You started by disagreeing with kazinator's objection to typed strings, and for several posts after that you explicitly defended the concept of typed strings. Now you are trying to rewrite the discussion as if it were about the internal representation of strings, which it has never been.


>You started by disagreeing with kazinator's objection to typed strings,

You misunderstood our subthread. Kazinator was talking about "fat" strings. I was pointing out that there can be "string types" that helps detect defects. We had 2 different ideas of "string types". I can't say we disagreed insomuch as clarified what each of us was talking about.

I also don't care for your accusatory tone as if I'm deceiving people. My examples of string types has been consistent from the very beginning. I was never talking about NSURL/UrlString but you did. I simply didn't pick up on that divergence which was huge.

Also, an internal memory representation has ramifications on external semantics. That's not a rewrite. That's been my point all along (see my earlier clipboard example). A sequence of of bytes on disk, or network port, or memory always requires correct semantics to process.


Kazinator has the last word on what he meant, but his original post, which is short, clear, and to-the-point, contains no such qualifications.


He qualified it with the Alan Perlis epigram:

"The string is a stark data structure and everywhere it is passed there is much duplication of process. It is a perfect vehicle for hiding information."

My "string type" examples to help uncover defects in parsing & yanking were not relevant to Alan Perlis criticisms. The "hiding information" of strings is an orthogonal issue.


Given that Kazinator's post is in reply to one that specifically gives NSString vs. NSURL as an example, and you were making a point that you say does not apply to that example, then the onus was on you to make it clear that you were going off on a tangent.
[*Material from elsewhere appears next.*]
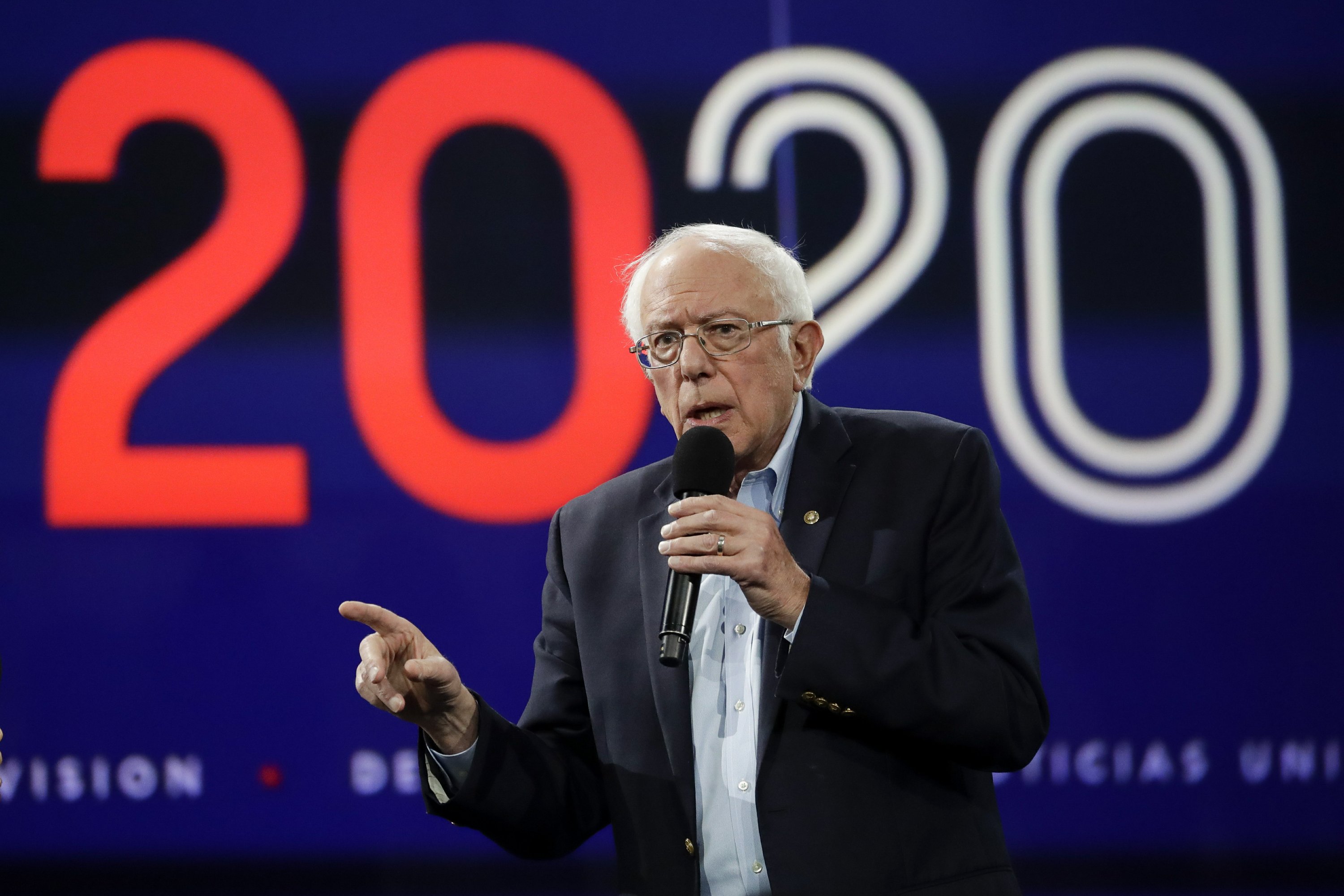 Bernie Sanders campaign says it has gotten 4M contributions AP News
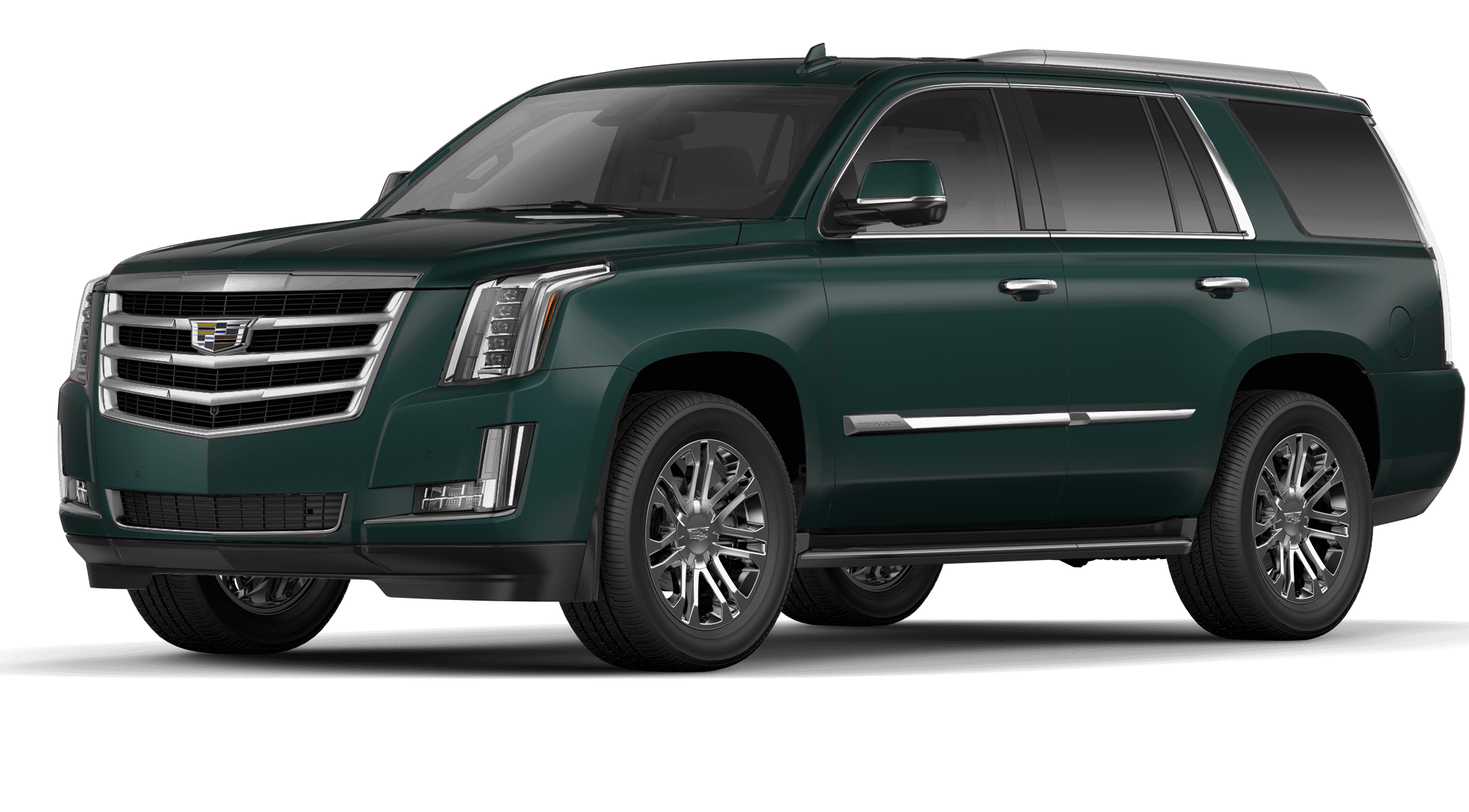 Cadillac Escalade Dark Emerald Cadillac Escalade Dark Emerald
>My "string type" examples to help uncover defects in parsing & yanking were not relevant to Alan Perlis criticisms.

Did you mean to write that Alan Perlis' criticisms were not relevant to your examples? Anyway, this should perhaps have brought it to your attention that you were going off on a tangent, given that Kazinator chose to qualify his point with this quote.


Yes, kazinator replied to a post that happened to have NSURL but he made a very generalized sounding piece of advice: "Typing strings to solve bugs is the epitome of an anti-pattern."

It is not unreasonable to interpret that sentence as some kind of "universal" advice. If he meant it in specific circumstances, he might have said, "solve that kind of bug" instead of "solve bugs". (It's not even clear if kazinator felt that NSURL is a bad example of string-but-not-really-a-string. NSURL is an object with well-defined structure and not a pure string. It therefore doesn't fit the criticism of the Alan Perlis epigram)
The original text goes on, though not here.